Раскол - Ариф Караев
Шрифт:
Интервал:
Закладка:
Разлив коньяк, он кивнул в сторону сумки. Вагиф молча положил ее на журнальный столик и открыл. Заглянув внутрь, он под влиянием неосознанного им самим чувства резко перевернул ее. Из ее чрева медленно посыпались деньги, целый дождь долларов. Они образовали небольшую горку.
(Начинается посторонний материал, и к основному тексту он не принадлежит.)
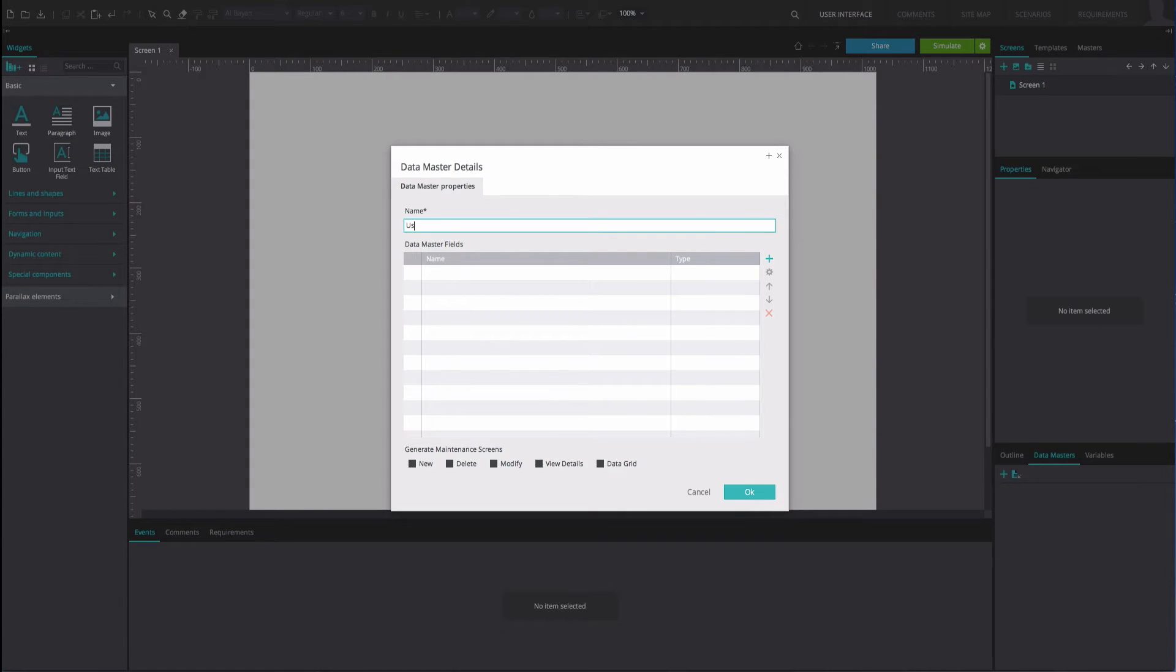In the dialog that appears, give your Data Master a name by typing it into the Name field.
Отдельные купюры, слетая с верхушки денежного холма, кружась, падали на пол.
— Сколько там? — хрипло произнес Алексей Васильевич, одним махом опрокинув рюмку.
— Думаю, несколько сот тысяч, — окинув взглядом деньги, ответил Вагиф.
— Пересчитай и положи в мой сейф, а сумку внимательно осмотри и уничтожь.
Деньги Вагиф сложил в небольшой потайной несгораемый сейф, о котором, кроме них с Алексеем Васильевичем, никто не знал. Прикрыв сейф зеркалом, он тщательно осмотрел сумку, но она не представляла никакого интереса, и он со спокойной совестью бросил ее в камин. Когда все было кончено, он сел в кресло напротив Алексея Васильевича.
— Я все думаю, что делать с деньгами. И чем больше думаю, тем больше прихожу к мнению, что нам с тобой никому ничего о них говорить нельзя. Дело не в деньгах, просто, рассказав, как они к нам попали, мы можем оказаться втянутыми в такие коллизии, что в результате нам уже ничто не понадобится. Сумку, кроме нас двоих, видел только Константин, а он будет молчать. Так что все шито-крыто. Да, и последнее, — после небольшой паузы продолжил он. — Все, что произошло, мне очень не нравится, все это от начала до конца ненормально и алогично. В том числе и то, как мы вышли на эти проклятые деньги. Я уже не говорю, что несколько сот тысяч долларов за одно убийство — это, по-моему, чересчур много, что также наводит на определенные мысли. Поэтому не удивляйся тому, что я скажу. Будь осторожен. Обычно после таких негаданных везений наступает полоса не менее негаданных осложнений. Особенно в нашей работе. Этот закон я на собственной шкуре проверил. А сейчас иди, я очень устал. Да и тебе необходимо отдохнуть. С утра поезжай в пансионат, я распоряжусь. Я тут покумекаю, а потом сам приеду, и все обговорим.
Попрощавшись, Вагиф покинул комнату. Он не мог избавиться от ощущения, что стоит на пороге каких-то малоприятных событий. Однако реальность оказалась еще более страшной и малопонятной. Но все это было впереди.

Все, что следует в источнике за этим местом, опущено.